W ostatnim czasie w przestrzeni publicznej coraz częściej pojawiają się informacje o agresji wobec lekarzy, z których część ma tragiczne zakończenia.
W reakcji na te wydarzenia rząd zaproponował projekt ustawy nowelizującej Kodeks karny, Kodeks wykroczeń oraz Kodeks postępowania w sprawach o wykroczenia. Zmiany mają służyć lekarzom, ratownikom medycznym, pielęgniarkom, ratownikom wodnym i górskim oraz innym osobom wykonującym działania ratownicze.
Projekt został sprawnie przeprocedowany. Wpłynął do Sejmu 21 sierpnia 2025 r., a już 27 listopada 2025 r. został przyjęty jednogłośnie i bez poprawek przez Senat.
Jak wskazano w projekcie, celem zmian jest zwiększenie ochrony przed przemocą wobec funkcjonariuszy publicznych, a także obywateli, którzy podejmują działania w sytuacjach zagrożenia.
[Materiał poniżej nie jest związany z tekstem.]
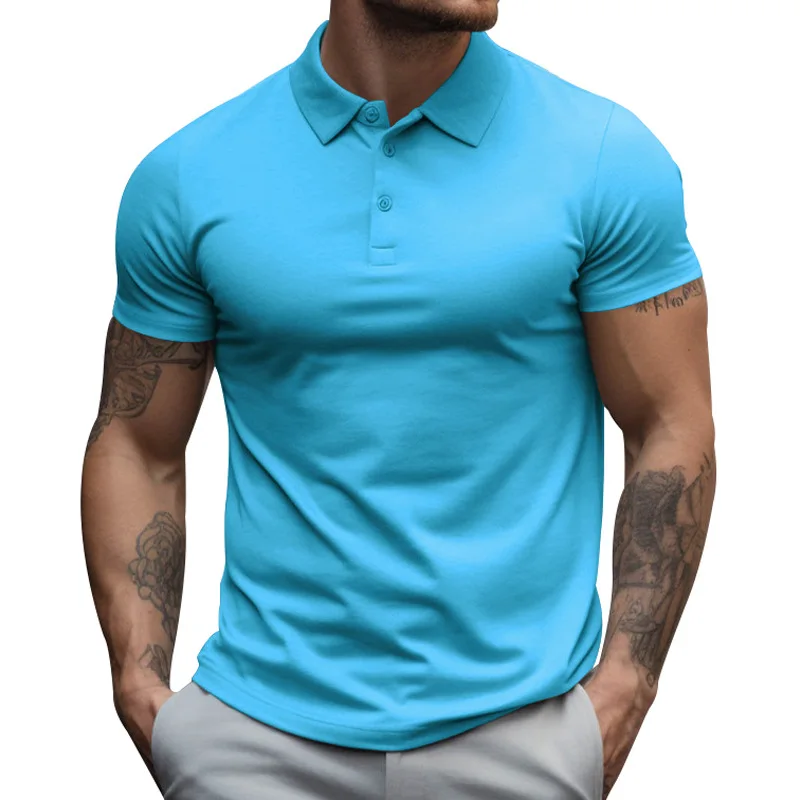 

Asian size Man casual sports T-shirts 2023 summer new men's Europe and America lapel solid color short sleeved Grey Polo Shirts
Zmiany obejmują zaostrzenie odpowiedzialności za naruszenie nietykalności cielesnej osób pełniących funkcje publiczne lub ratujących życie innych. Jeżeli czyn naraża pokrzywdzonego na bezpośrednie niebezpieczeństwo utraty życia albo ciężkiego uszczerbku na zdrowiu, sprawca będzie podlegać karze od 3 miesięcy do 5 lat pozbawienia wolności. Obecnie naruszenie nietykalności cielesnej funkcjonariusza zagrożone jest karą do trzech lat pozbawienia wolności, natomiast za atak na obywatela ratującego inne osoby kara wynosi do dwóch lat pozbawienia wolności.
Na wniosek pokrzywdzonego funkcjonariusza publicznego wyrok skazujący za naruszenie nietykalności cielesnej może zostać podany do publicznej wiadomości. Podobnie będzie w przypadku czynnej napaści na funkcjonariusza publicznego.
Podkreślenia wymaga fakt, że lekarz nie jest funkcjonariuszem publicznym, ale w określonych warunkach przysługuje mu ochrona prawna tożsama z tą należną funkcjonariuszowi publicznemu.
Istotną zmianą jest możliwość wszczęcia z urzędu postępowania w sprawie o znieważenie osoby udzielającej pomocy. Dotychczas działo się to na wniosek pokrzywdzonego. Chodzi zatem o wszelkie akty agresji słownej kierowane wobec medyków, ratowników i innych osób niosących pomoc.
Podwyższeniu mają ulec także kary za agresywne zachowania w miejscach publicznych, m.in. w szpitalach. Zakłócenie spokoju lub porządku publicznego będzie podlegało karze aresztu, ograniczenia wolności albo grzywny nie niższej niż 1000 złotych. Taka sama kara dotyczyć ma zakłócania spokoju lub porządku publicznego w zakładzie leczniczym w rozumieniu ustawy z dnia 15 kwietnia 2011 r. o działalności leczniczej lub w trakcie akcji medycznej w rozumieniu ustawy z dnia 8 września 2006 r. o Państwowym Ratownictwie Medycznym. Sprawy dotyczące zakłócenia spokoju lub porządku publicznego w zakładzie leczniczym będą prowadzone w trybie postępowania przyspieszonego.
Jak wskazano w projekcie, oczekuje się, że wprowadzone zmiany przyniosą poprawę bezpieczeństwa funkcjonariuszy i osób działających na rzecz porządku publicznego, doprowadzą do zmniejszenia liczby ataków na służby ratownicze oraz wzmocnią autorytet instytucji państwowych.
Komentujący proponowane zmiany wskazują jednak, że samo zaostrzenie kar nie ochroni medyków przed agresją, a niezbędne są również działania wpływające na świadomość społeczną w tym zakresie.
Ustawa wejdzie w życie po upływie 14 dni od dnia ogłoszenia. Na razie jednak oczekuje na podpis prezydenta.